Recorded data:
____________________

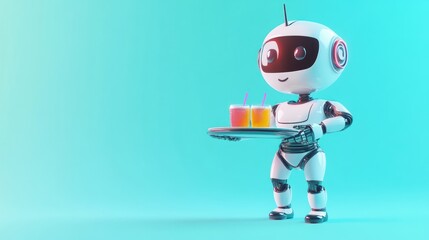 Fototapeta premium A cheerful robot serves colorful drinks on a tray against a vibrant background.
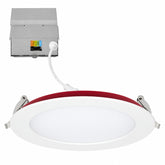 A recessed LED ceiling light fixture with a white circular face, a red inner rim, and silver mounting brackets, shown with a gray junction box and white connecting cord on a white background.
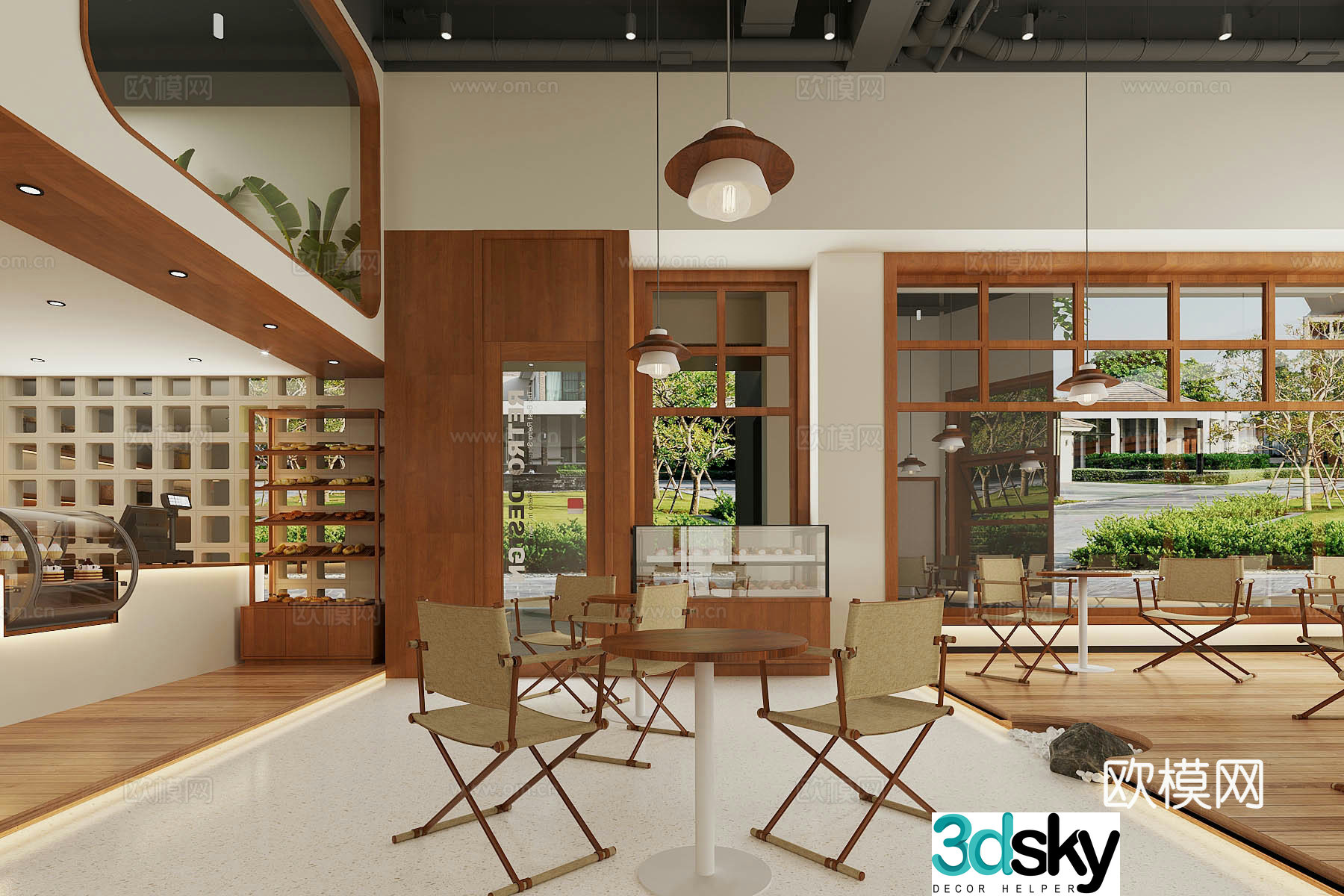 Logwood style coffee shop Logwood style milk tea shop Western restaurant tea room Cake dessert shop Coffee table and chair 3D model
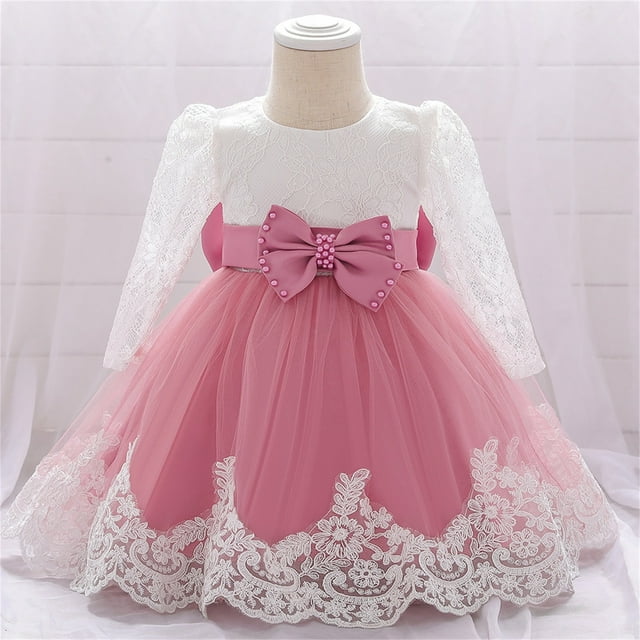 Robes pour Filles et Robe de Demoiselle d'Honneur pour Tout-Petits en Dentelle avec Nœud et Fleurs pour Fête et Mariage, Manches Longues, à Volants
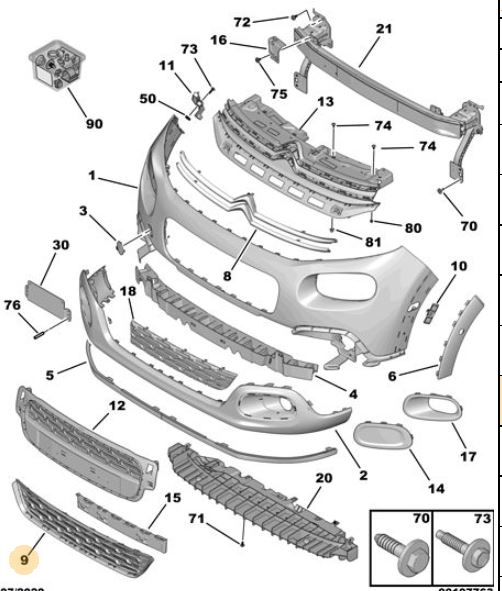 Citroen C3 2015-2022 Grill Citroen Parts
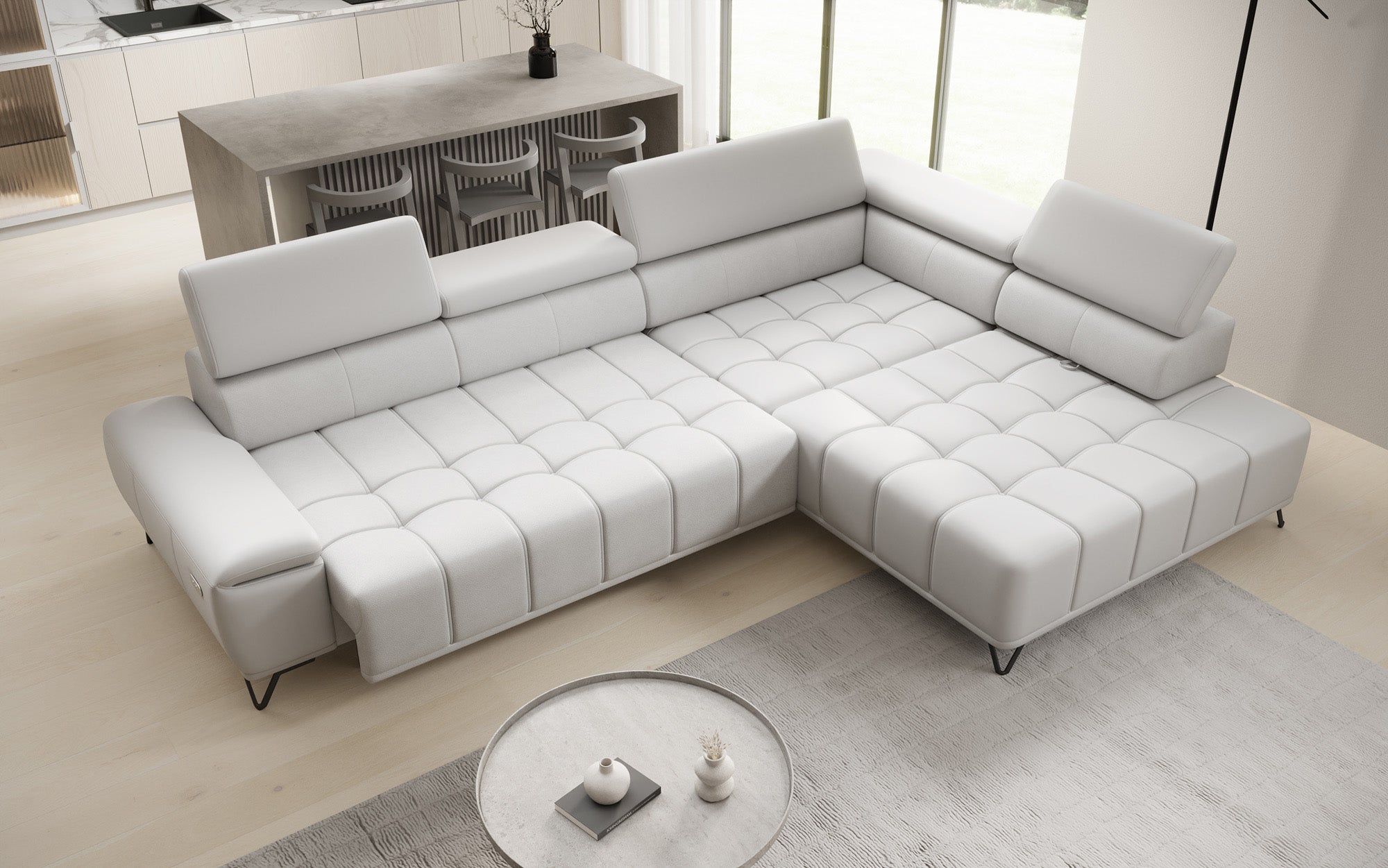 Designer L Sofa Selora with electric sleeping function and adjustable backrest in genuine leather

____________________

From the line containing "A recessed LED" to the last line of the entries, output every line exactly as written, but leave out the pictures.

=== TASK RESULT ===
 A recessed LED ceiling light fixture with a white circular face, a red inner rim, and silver mounting brackets, shown with a gray junction box and white connecting cord on a white background.
 Logwood style coffee shop Logwood style milk tea shop Western restaurant tea room Cake dessert shop Coffee table and chair 3D model
 Robes pour Filles et Robe de Demoiselle d'Honneur pour Tout-Petits en Dentelle avec Nœud et Fleurs pour Fête et Mariage, Manches Longues, à Volants
 Citroen C3 2015-2022 Grill Citroen Parts
 Designer L Sofa Selora with electric sleeping function and adjustable backrest in genuine leather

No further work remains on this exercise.